Many of my colleagues, and many of you here, have been shocked to find that I don’t particularly care for hasidut. After learning that I study and teach Kabbalah, they often conclude that I must also love Hassidism. Actually, I don’t - and the reason is simple: the idea of the tsaddik, the idea of a person who has the right to dictate the beliefs of others, is utterly abhorrent to me. I do not want a human being to tell me what to do or what to believe - God has already done that. The hubris of believing that we can make ourselves authorities over one another - that we can set ourselves up like the guard in the center of Bentham’s Panopticon, is tearing us apart.

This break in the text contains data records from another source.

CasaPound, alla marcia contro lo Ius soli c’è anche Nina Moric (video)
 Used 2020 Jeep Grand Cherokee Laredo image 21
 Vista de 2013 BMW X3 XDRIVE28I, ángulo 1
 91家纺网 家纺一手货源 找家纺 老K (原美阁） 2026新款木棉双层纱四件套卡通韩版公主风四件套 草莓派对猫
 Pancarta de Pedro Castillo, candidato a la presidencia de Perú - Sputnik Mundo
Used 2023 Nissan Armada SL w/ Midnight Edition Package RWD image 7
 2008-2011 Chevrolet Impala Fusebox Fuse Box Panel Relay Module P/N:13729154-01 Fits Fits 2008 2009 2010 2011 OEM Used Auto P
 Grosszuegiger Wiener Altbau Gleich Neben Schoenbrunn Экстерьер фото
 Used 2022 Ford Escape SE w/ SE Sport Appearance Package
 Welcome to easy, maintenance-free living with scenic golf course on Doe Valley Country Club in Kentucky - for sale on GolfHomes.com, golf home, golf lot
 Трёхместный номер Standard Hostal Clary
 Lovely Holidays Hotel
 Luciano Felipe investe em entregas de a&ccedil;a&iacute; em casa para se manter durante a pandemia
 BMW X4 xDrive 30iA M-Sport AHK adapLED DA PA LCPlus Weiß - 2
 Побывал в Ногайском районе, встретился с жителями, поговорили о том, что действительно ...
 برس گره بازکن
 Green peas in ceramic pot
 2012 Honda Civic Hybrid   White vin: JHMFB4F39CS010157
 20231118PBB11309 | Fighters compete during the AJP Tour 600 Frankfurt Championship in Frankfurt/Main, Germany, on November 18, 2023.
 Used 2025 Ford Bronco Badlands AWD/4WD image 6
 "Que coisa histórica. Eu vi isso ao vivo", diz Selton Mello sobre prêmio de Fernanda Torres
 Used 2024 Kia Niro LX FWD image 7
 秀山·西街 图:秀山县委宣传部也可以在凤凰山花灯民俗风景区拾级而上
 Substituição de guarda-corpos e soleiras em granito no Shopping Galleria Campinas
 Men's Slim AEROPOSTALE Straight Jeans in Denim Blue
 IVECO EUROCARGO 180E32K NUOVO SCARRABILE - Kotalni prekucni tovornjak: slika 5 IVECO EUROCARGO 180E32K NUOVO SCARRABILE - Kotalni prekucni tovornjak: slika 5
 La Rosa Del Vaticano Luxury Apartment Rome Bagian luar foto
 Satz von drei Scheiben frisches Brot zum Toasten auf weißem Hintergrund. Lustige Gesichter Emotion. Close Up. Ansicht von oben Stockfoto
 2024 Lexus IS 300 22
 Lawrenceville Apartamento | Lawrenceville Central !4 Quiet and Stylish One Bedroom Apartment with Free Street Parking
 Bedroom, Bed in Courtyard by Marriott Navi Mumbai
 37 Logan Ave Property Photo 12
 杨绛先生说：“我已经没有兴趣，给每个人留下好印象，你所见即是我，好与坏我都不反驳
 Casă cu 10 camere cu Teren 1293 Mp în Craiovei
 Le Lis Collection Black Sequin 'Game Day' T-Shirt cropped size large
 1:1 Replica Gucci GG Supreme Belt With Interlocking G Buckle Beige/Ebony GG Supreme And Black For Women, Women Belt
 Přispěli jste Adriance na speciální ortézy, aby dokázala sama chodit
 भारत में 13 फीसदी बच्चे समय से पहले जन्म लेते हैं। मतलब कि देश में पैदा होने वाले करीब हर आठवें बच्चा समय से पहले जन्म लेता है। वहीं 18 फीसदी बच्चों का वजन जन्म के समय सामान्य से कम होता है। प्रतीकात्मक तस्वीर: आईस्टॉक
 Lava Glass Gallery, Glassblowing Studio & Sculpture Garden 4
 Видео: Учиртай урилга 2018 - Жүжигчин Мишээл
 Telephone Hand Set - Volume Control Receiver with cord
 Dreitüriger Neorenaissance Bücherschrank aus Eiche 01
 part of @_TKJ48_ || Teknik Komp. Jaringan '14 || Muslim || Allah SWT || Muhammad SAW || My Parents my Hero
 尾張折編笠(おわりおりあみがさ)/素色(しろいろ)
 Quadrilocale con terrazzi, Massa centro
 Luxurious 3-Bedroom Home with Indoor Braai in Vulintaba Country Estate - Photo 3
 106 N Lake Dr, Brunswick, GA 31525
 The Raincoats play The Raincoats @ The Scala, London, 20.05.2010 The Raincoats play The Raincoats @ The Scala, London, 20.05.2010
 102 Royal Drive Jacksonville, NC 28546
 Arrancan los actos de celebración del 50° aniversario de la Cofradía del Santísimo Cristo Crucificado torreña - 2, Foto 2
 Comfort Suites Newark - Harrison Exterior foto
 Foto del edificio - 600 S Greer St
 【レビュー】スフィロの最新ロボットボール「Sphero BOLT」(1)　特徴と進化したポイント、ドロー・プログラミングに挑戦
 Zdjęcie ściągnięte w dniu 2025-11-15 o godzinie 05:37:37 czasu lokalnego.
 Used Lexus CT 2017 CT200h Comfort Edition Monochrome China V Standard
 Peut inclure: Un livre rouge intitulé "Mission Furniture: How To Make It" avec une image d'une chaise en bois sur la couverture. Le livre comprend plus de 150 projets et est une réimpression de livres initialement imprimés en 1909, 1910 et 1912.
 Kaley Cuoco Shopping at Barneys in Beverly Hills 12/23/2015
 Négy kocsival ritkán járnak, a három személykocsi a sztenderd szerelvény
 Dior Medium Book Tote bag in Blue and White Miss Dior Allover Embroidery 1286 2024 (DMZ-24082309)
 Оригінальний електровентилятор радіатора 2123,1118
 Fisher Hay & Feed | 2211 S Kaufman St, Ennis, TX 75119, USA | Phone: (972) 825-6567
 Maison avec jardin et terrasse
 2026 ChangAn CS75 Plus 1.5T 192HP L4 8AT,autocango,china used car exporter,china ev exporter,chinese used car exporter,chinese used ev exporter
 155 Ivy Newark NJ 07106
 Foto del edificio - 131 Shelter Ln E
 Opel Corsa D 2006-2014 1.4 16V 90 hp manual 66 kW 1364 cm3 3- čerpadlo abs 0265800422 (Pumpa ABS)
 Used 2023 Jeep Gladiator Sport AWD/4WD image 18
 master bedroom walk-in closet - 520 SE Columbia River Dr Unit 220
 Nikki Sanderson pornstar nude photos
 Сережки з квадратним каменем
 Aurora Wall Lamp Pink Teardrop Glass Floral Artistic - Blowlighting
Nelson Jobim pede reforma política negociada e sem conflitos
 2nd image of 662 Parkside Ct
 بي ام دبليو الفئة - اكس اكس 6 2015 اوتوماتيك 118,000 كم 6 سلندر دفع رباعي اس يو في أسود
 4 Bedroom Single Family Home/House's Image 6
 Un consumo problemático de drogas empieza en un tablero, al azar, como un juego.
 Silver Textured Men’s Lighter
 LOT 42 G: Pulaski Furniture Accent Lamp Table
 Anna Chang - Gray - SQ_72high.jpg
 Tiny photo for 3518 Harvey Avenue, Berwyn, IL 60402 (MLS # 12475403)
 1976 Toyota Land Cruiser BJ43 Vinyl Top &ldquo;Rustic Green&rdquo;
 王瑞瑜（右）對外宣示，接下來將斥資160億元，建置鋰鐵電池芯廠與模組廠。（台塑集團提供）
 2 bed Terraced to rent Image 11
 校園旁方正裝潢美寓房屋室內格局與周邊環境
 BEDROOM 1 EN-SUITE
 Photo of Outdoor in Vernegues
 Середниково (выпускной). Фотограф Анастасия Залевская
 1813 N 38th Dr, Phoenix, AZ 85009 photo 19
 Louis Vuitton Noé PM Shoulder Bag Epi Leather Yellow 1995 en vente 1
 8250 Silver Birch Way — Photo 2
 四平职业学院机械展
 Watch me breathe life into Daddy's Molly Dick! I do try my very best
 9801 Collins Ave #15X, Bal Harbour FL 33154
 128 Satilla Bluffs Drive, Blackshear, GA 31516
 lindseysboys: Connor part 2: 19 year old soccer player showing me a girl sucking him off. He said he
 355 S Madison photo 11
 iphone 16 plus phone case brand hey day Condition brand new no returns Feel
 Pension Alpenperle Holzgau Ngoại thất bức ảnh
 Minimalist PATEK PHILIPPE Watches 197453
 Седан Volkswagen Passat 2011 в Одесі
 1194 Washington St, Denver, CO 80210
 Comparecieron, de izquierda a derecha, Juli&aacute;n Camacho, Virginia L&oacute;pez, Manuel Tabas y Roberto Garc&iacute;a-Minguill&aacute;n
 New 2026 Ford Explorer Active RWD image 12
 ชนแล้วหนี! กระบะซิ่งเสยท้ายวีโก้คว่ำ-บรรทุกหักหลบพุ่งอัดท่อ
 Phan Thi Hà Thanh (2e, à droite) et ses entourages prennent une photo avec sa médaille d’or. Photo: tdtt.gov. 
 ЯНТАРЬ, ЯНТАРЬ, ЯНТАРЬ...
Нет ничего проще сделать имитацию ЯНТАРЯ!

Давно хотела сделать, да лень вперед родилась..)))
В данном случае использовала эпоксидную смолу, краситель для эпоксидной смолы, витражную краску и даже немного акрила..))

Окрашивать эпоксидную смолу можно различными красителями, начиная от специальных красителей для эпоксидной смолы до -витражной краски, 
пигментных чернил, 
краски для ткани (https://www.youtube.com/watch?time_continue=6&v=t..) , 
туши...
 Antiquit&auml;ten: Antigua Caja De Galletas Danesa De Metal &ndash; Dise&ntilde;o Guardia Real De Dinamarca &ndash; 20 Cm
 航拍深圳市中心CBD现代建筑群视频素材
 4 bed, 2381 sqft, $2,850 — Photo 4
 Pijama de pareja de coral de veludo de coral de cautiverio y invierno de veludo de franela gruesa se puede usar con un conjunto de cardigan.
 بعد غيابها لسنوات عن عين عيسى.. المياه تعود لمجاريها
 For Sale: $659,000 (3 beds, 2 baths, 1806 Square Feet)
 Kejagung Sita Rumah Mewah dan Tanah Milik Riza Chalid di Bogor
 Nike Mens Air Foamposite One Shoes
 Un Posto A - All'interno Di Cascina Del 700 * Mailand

So, how can I be a rabbi who rejects the authority of one over the many - who reads the story of the Tower of Babel as a caution against authoritarianism and an affirmation of individualism? After all, I will leave here at the end of this year and go out and be a Mara deAtra, an authority for the community and people I serve. Yet I do so with the caution of migdal Bavel, with an awareness of the pitfalls and dangers of attempting to tell others how to live their lives. I do so knowing that I don’t wish my community to be a Panopticon, nor one which leaves out the spiritual path of the individual.

When I came for my admissions interview for JTS, I had the same anxieties and worries as most - fear that the Seminary would see how little skill I had, how little knowledge of Hebrew or Judaism I was coming in with, and of course ... the legendary fear that I would be asked to make a berakhah over the glass of water put in front of me. But amidst the fog of nervous memory from that day I remember one thing in particular, that Dahlia Bernstein was assigned to sit with me before I went in to meet with the committee - I think mostly to make sure I didn’t run away.

Dahlia asked me, ‘So, what kind of rabbi do you want to be?’ I answered, ‘Pulpit, I think,’ and she, who I was so lucky to have as a companion that day said, ‘No, I mean, what do you want your rabbinate to look like?’ I didn’t have an answer then. But two years ago just before Yom Kippur, when Dahlia made a Facebook post which asked her friends to describe themselves in only six words, I found what I had wanted to say years before, that I would be a, ‘Tour guide to the spiritual self.’

That is in fact what I wish to be. We talk a lot here at the Seminary about ‘pastoral authority,’ but to me - that phrase is largely a contradiction in-terms. Truly being a pastor, guiding the lost sheep and caring for the flock, does not depend on authority - it depends on our ability to make room for the individual in the midst of the community, to resist the pressures of peers, society, and even our own institutions in order to accept the radical independence of the individual.


I take the caution of the Tower of Babel story to heart - it is too easy for us to make ourselves an authority, to use power and privilege to set ourselves up inside a Panopticon, proscribing others behavior and beliefs. I don’t know if I want to be a mara deAtra, I think I’d rather be a moreh derekh, to teach the path that I have walked to others - not to build towers but to build roads - to clear the overgrown trails which lead into the heart of Judaism and to show the solitary seeker the paths presented before them.